L&T will buy the 20.3 stake in Mindtree from Siddhartha for Rs 980 per share, totalling Rs 3,269 crore, according to its statement filed with stock exchanges. L&T also intends to purchase an additional stake of upto 15 percent from the open market, at upto Rs 980 per share, the statement said.

L&T has also announced an open offer to shareholders of Mindtree to acquire another 31 percent at Rs 980 per share.

L&T will continue to pursue the buyback option, despite the setback faced, but the key objective is to enhance shareholder value.

Mindtree is a company with good value, employees, technical skills, Subrahmanyan said, and investing into it will increase this shareholder value.

L&T is making the investment through its core company and not its information tech company since it would have had to leverage L&T Infotech to do so, the company president said.

L&T Infotech is predominant in banking, whereas Mindtree focuses on areas like retail and hospitality, he said. “Our intent is to keep both of them separate.”

  • L&T's fundamental approach is to keep businesses as verticals, allowing CEOs to bring in high focus, clarity & objectivity
  • L&T Infotech is run independently, is one of the best performing IT companies.
  • L&T Tech is again run as independently as possible.
  • L&T Infotech is predominant in banking, insurance etc, whereas Mindtree focuses on areas like retail and hospitality.
  • Culural value systems are broadly the same, but both have different backgrounds.

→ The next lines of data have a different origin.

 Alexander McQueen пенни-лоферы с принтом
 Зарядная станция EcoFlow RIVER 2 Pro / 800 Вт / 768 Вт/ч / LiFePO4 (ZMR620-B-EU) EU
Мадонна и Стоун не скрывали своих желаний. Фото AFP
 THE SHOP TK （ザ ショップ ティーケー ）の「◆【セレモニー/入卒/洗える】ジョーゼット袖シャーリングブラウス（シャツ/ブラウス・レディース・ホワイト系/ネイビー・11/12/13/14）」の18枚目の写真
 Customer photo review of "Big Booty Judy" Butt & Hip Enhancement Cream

There are certain emotions and trepidation involved, but business is business. Emotions do play a part, but emotionalities have to be overcome as we go forward. What we are trying to do, is with, if I can use the word ‘pyaar’ , and we will continue to look at it as something we are doing from our ‘dil’. And we will continue to look at it with the same manner and purpose.
SN Subrahmanyan, President, Larsen & Toubro

VG Siddharatha approached us a few months back to look at his 20 percent stake in Mindtree. L&T’s immediate reaction was neutral, but we continued our dialogue with him. From our point of view, the move made a lot of sense from our IT portfolio point of view. We also had dialogue with the Mindtree management.
SN Subrahmanyan, President, Larsen & Toubro

  • We have been giving more of a push to the services business over the last few years
  • The inherent nature of services businesses is that they are more profitable
  • The management of Mindtree had approached us a few years ago

Independent directors of Mindtree Ltd. must provide objective guidance to shareholders of the the Bengaluru-based technology firm on whether L&T’s open offer is in the company’s long-term interest, proxy advisory firm Institutional Investor Advisory Services India Ltd. said in a note.

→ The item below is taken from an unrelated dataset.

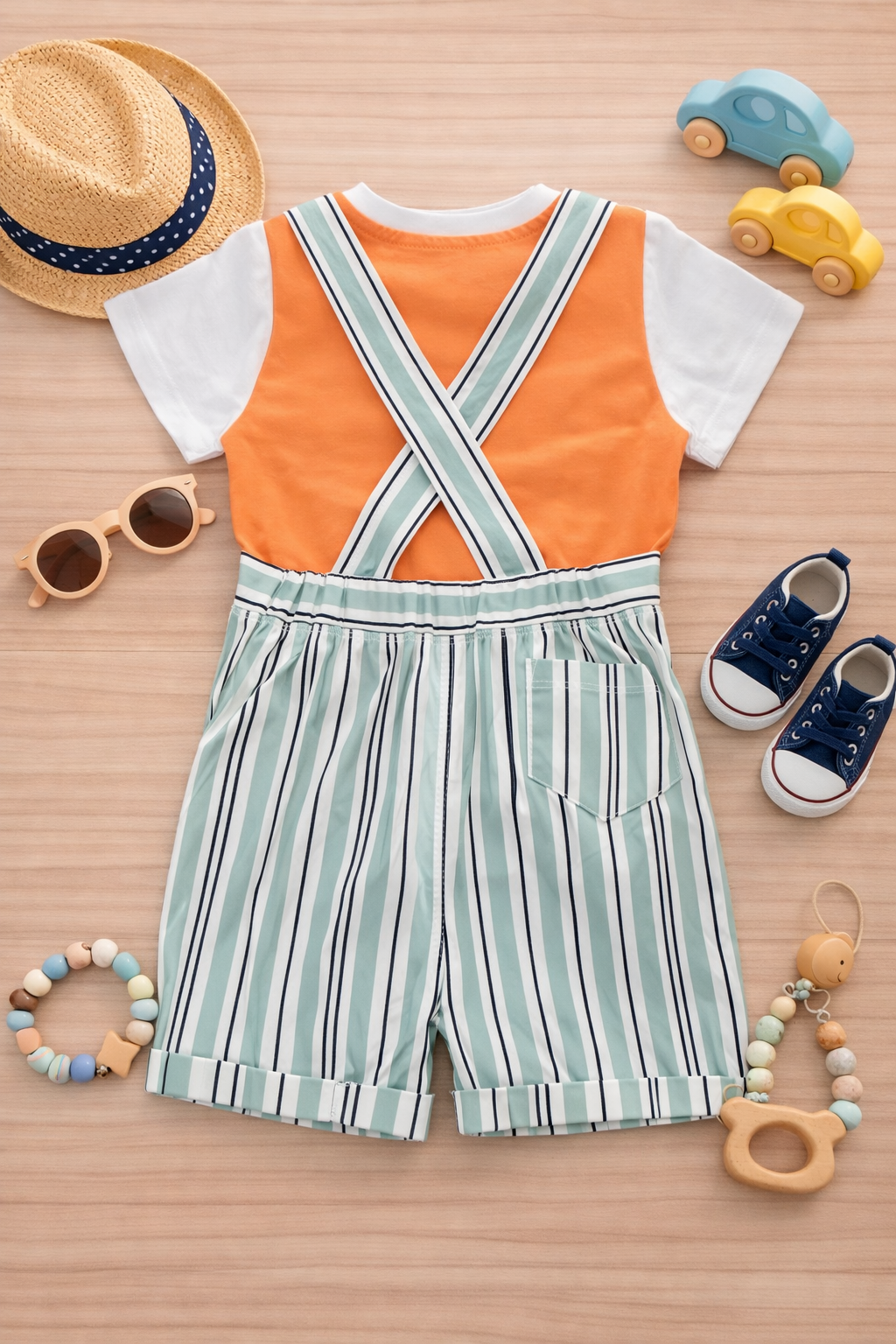 Unisex Dungaree with T shirt set IP27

Investors may not be in the position to understand all the nuances, the note said, adding that if the company's leadership and key staff leave the company with key clients upon a takeover, it may be damaging.

The advisory firm said that given the nuances of these issues, the independent directors are best placed to articulate stand on the several soft issues that characterise this transaction.

"It is not necessary that Mindtree’s independent directors tow the line with the company’s promoters,” IiAS said.

Mindtree has four Independent Directors - Akshay Bhargava, Apurva Purohit, Bijou Kurien and Milind Sarwate - on its board.

Both L&T and Mindtree are scheduled to hold separate press conferences today.

L&T’s conference is expected to begin at 11:30 a.m while Mindtree’s is slated to begin at 2:45 p.m.

What Brokerages Have To Say About L&T’s Takeover Bid For Mindtree

We don’t see any strategic advantage in the transaction and strongly believe that the transaction will be value destructive for all shareholders.